There is also a rather moving rough-hewn wooden sculpture by Stephen King;   the subject is two parents both cradling an infant together, their heads joined in an arch over the infant. There is an ambiguity about the piece – is the baby  deceased and are they about to bury the child? Or are they admiring their newborn? This ambiguity is a feature of King’s narrative figurative works, and it is helped by the spontaneous rough carving which adds to the expressive power like the multiple rough marks of a Kathe Kollwitz.
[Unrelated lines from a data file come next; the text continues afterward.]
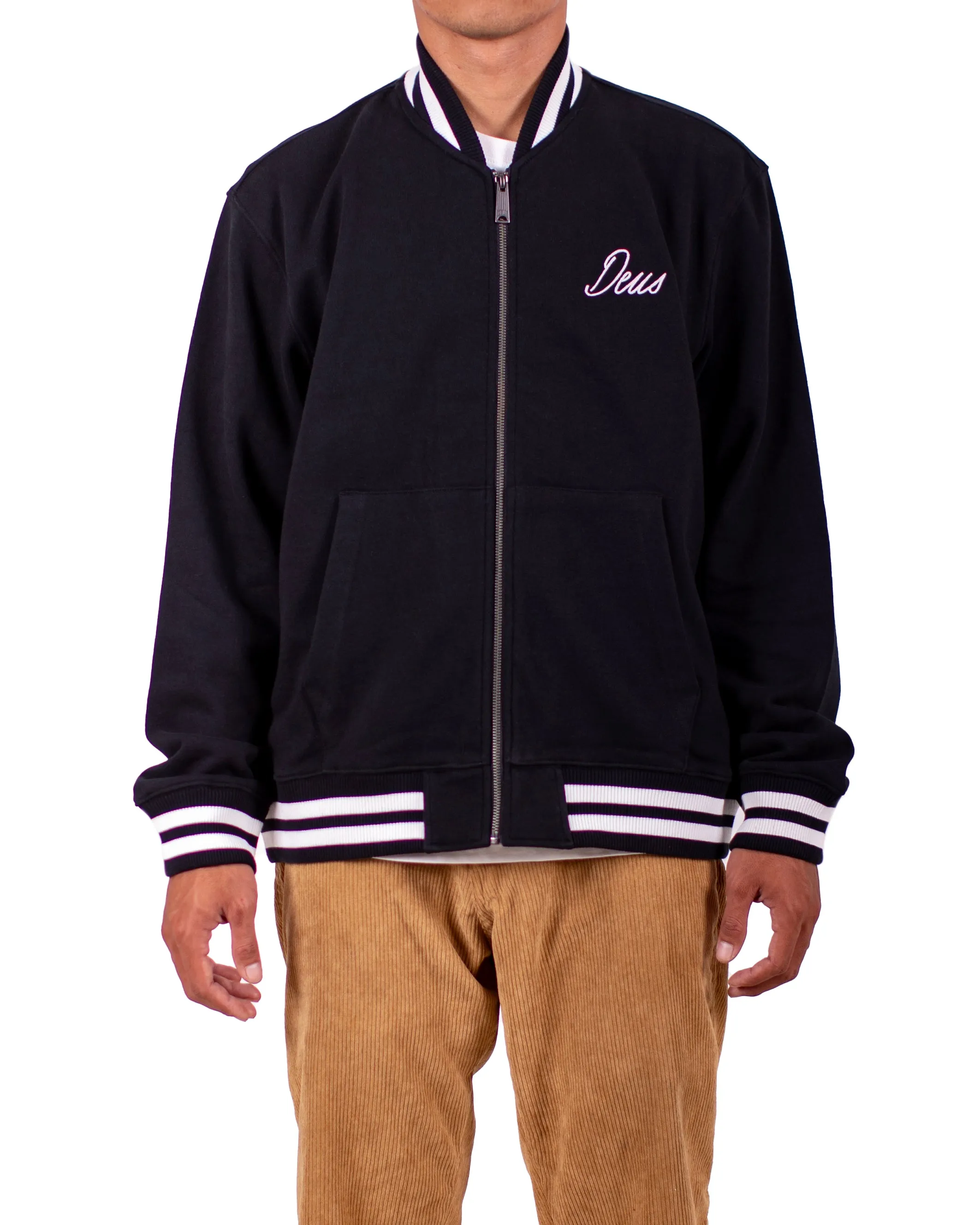 PATRON FLEECE BOMBER - BLACK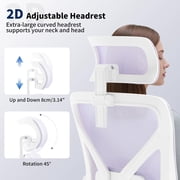 Nexthro Office Chair,Ergonomic Desk Chair with Adjustable Lumbar Support,400 Lbs Mesh Computer Chair High Back with Headrest for Home Office (Lavender)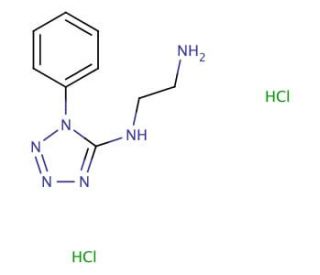N-(1-phenyl-1H-tetrazol-5-yl)ethane-1,2-diamine dihydrochloride - chemical structure image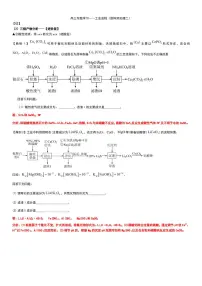 2026届高考化学一轮：工业流程（原料预处理二）练习含答案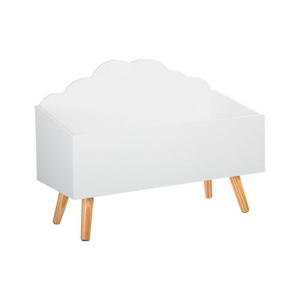 DEMO Cloud legetøjskasse 58 x 45 x 28 cm. - Hvid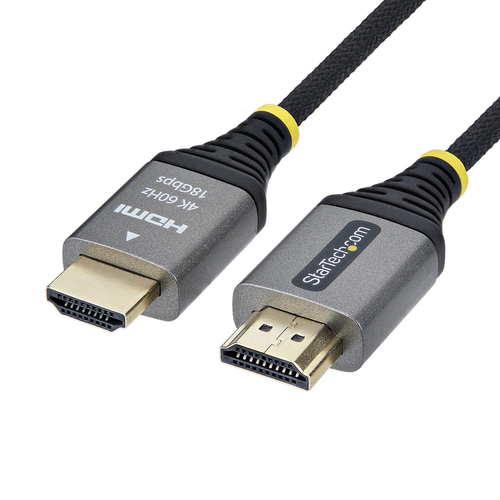 StarTech.com HDMI2-FLEX-4K60-10F, 3 m, HDMI Type A (Standard), HDMI Type A (Standard), 18 Gbit/s, Audio Return Channel (ARC), Black, Silver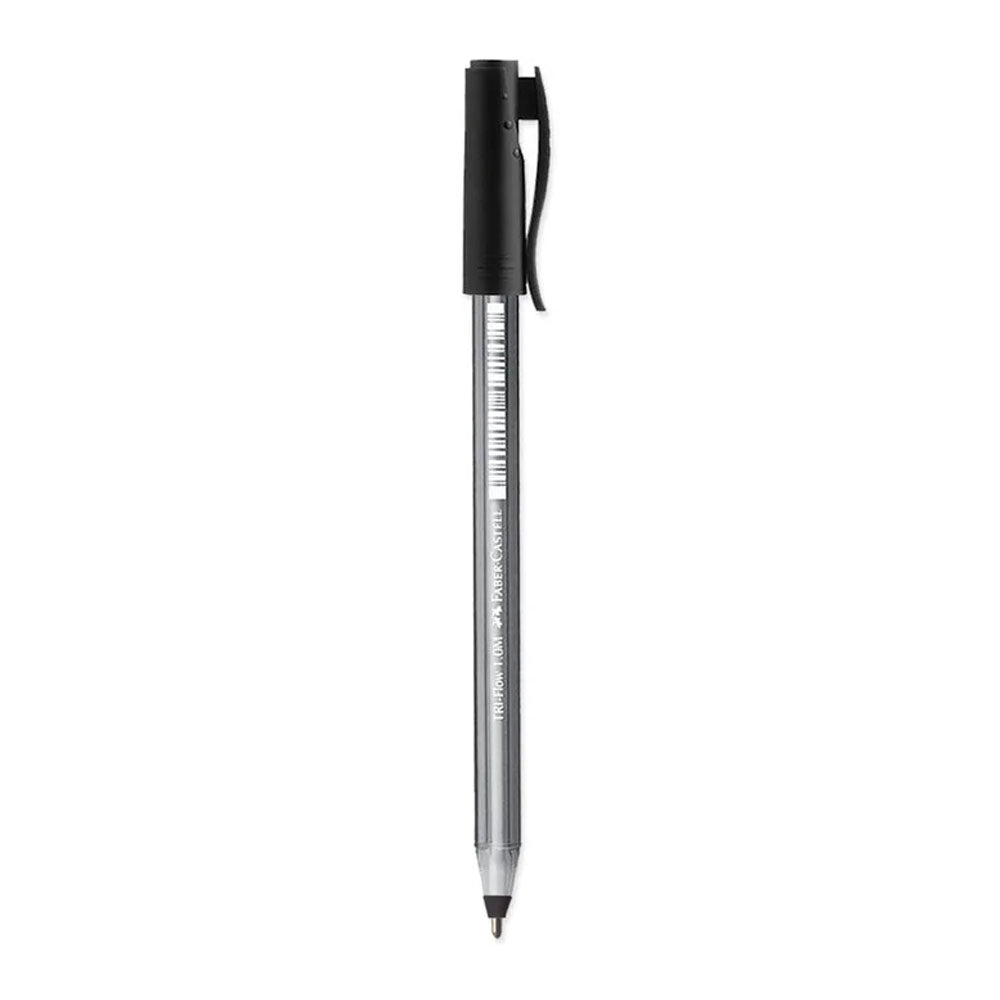 Faber-Castell Stylo à Bille Tri Flow 1mm - Noir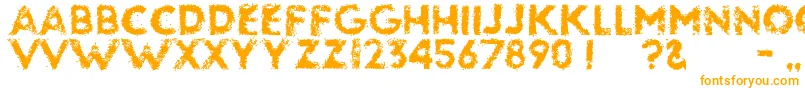 Glassbeads Font – Orange Fonts on White Background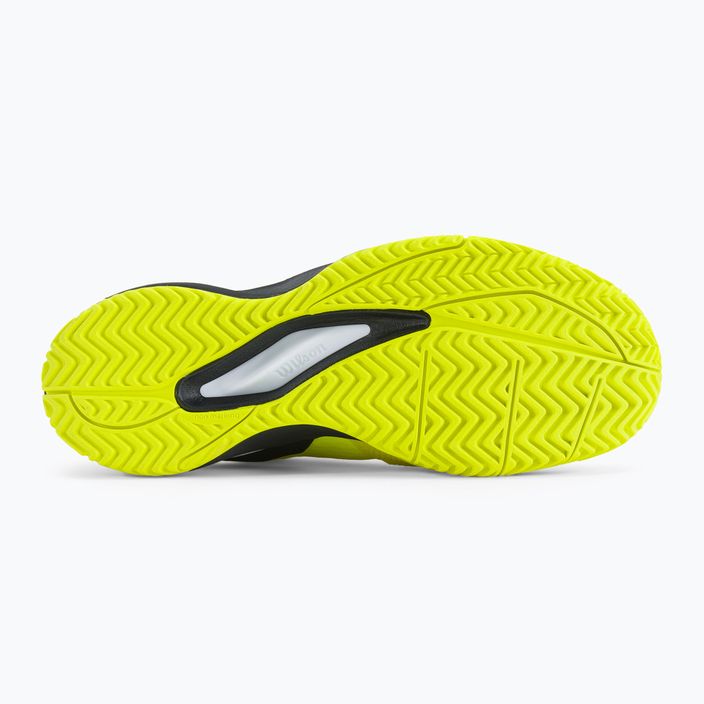 Wilson Rush Pro Ace Safety детски обувки за тенис в черно и жълто WRS331140 5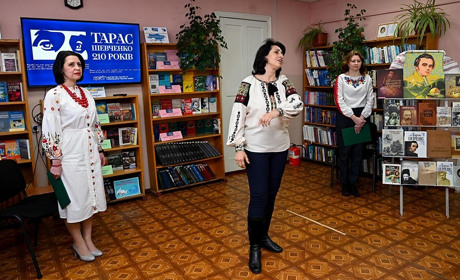 До ювілею Кобзаря: в Центральній бібліотеці в Кагарлику звучало безсмертне слово Тараса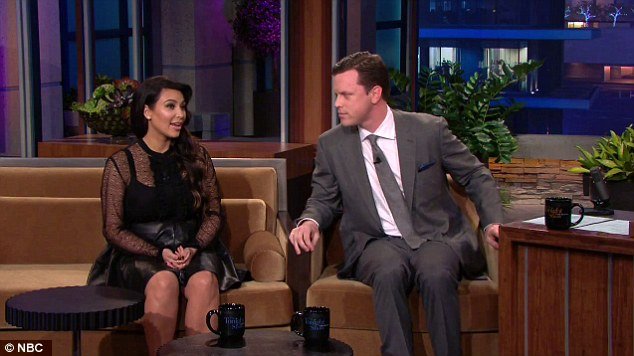 Kim Kardashian appeared on The Tonight Show, where she was grilled by Jay Leno about the ups and downs of her first pregnancy and what kind of dreams she has for her unborn baby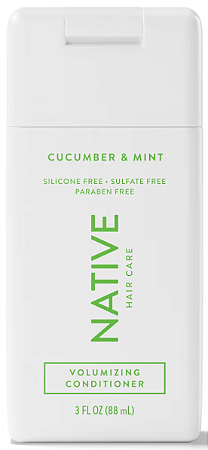 Native Travel Size Vegan Cucumber & Mint Volume Conditioner, Clean, Sulfate, Paraben and Silicone Free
Work by Sean  Cordeiro and Claire Healy has been seen here quite a bit in recent times, they are certainly one of the hottest young artist teams in Australia, with many Biennales and other international showings to their credit. In this show they have an amusing, if slightly upsetting, take on the myth of the Swagman and the Australian outdoors. Entitled “Once a Jolly Swagman” the piece consists of a large crate like suitacase on wheels, which unfolds to become a small plywood pyramid tent ..the swaggies cooking fire here replaced with a built in electric hotplate. Obviously making sharp satirical comment on the various outback myths in our overwhelmingly urban country, and also on the over engineered way we tend to go camping these days, this piece manages to annoy me through what appears to be a belittling of  the various poems and writings of people like Patterson

 I am old enough to remember swaggies walking the roads in the fifties, and they have been a presence in Australia from the beginning of the colony. Most swaggies were driven onto the road by economic  depression, shell shock  or other induced  poverty, and  this piece seems slightly too flippant, and does not indicate much understanding of real life.

Bob Jenyns  Mark’s New Arm looks like a railway signal with a big hand on the end of the sign. This moveable arm sits on a highly over complex yellow base studded with what appear to be large bolts. I have no idea what it means...but it is a fun piece .

All in all In(Two)Art is a very enjoyable and unusual exhibition.